_THE DATA_
#####

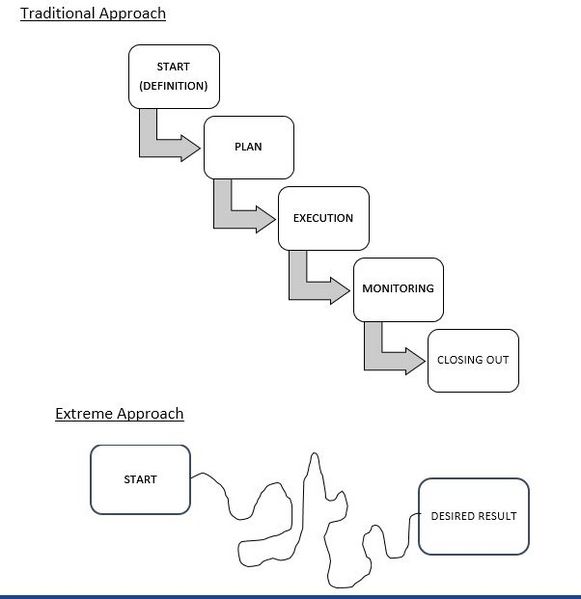 File:Graph.jpg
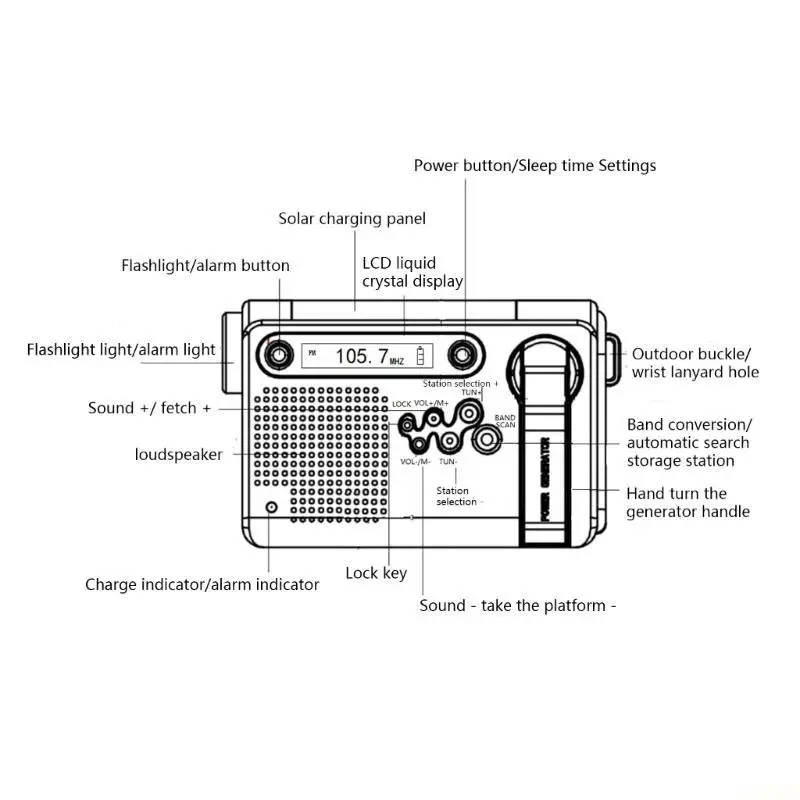 B03F Emergency Radio,Digital Weather Radio with FM SOS Survival Portable Radio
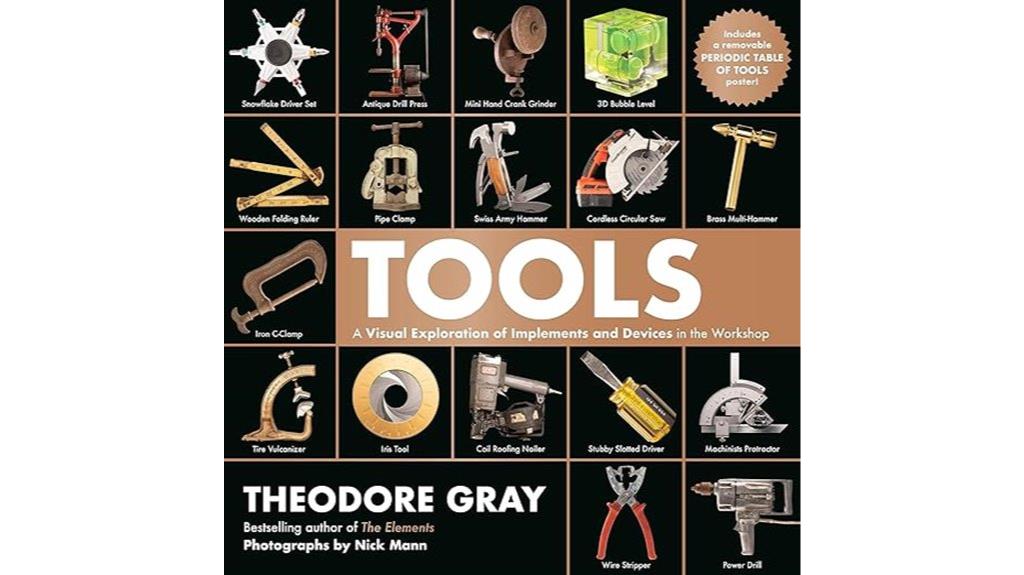 workshop tool visual exploration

#####

_YOUR ASSIGNMENT_
Retype the data above exactly, dropping every picture.

_EXERCISE RESPONSE_
 File:Graph.jpg
 B03F Emergency Radio,Digital Weather Radio with FM SOS Survival Portable Radio
 workshop tool visual exploration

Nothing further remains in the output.